◆ **Exercise details**: The required output is the lines from the one with "Zaporizhia Slava Hotel מראה חיצוני תמונה" through the end of the data, repeated verbatim, with no pictures included.

◆ **Data extract**:
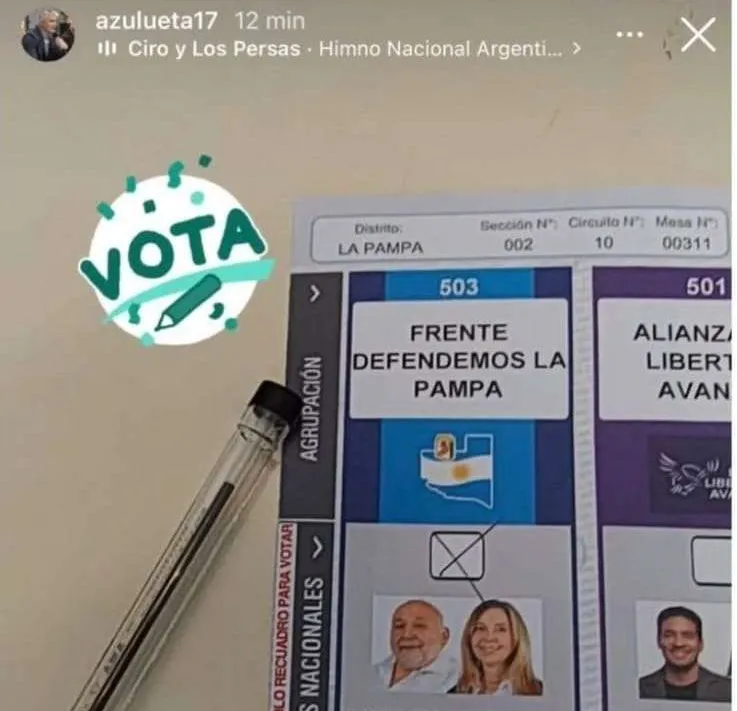 empatel foto zulueta voto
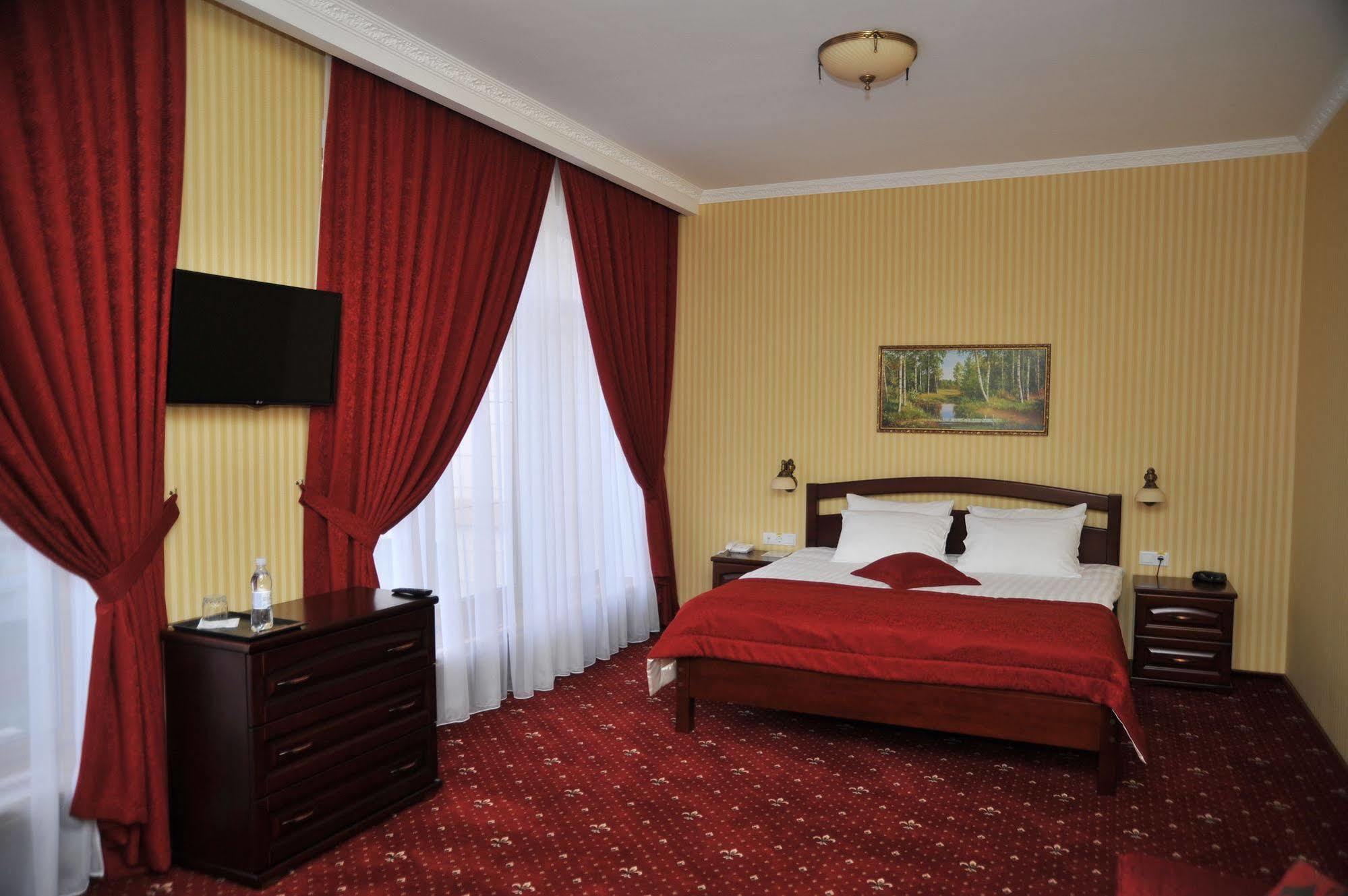 Zaporizhia Slava Hotel מראה חיצוני תמונה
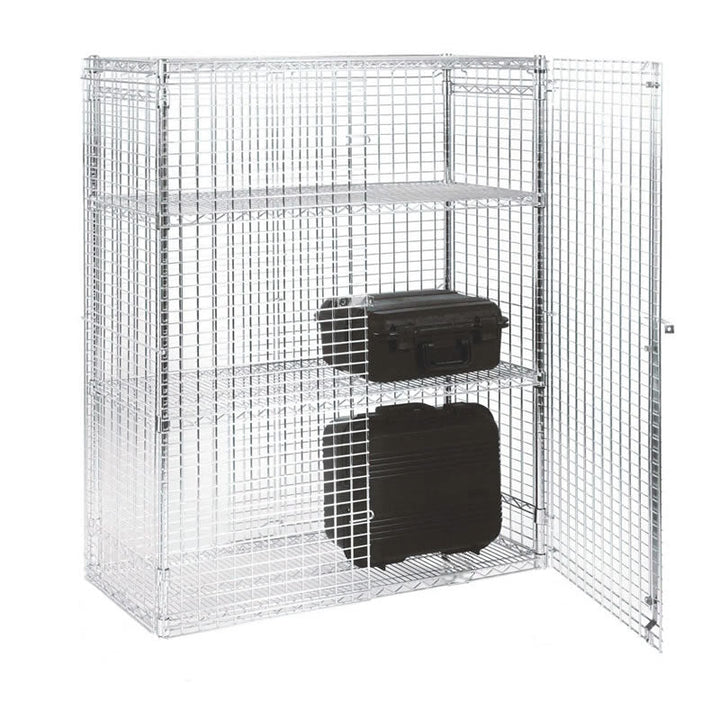 Eclipse Security Cages - Static Units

◆ **Answer section**:
 Zaporizhia Slava Hotel מראה חיצוני תמונה
 Eclipse Security Cages - Static Units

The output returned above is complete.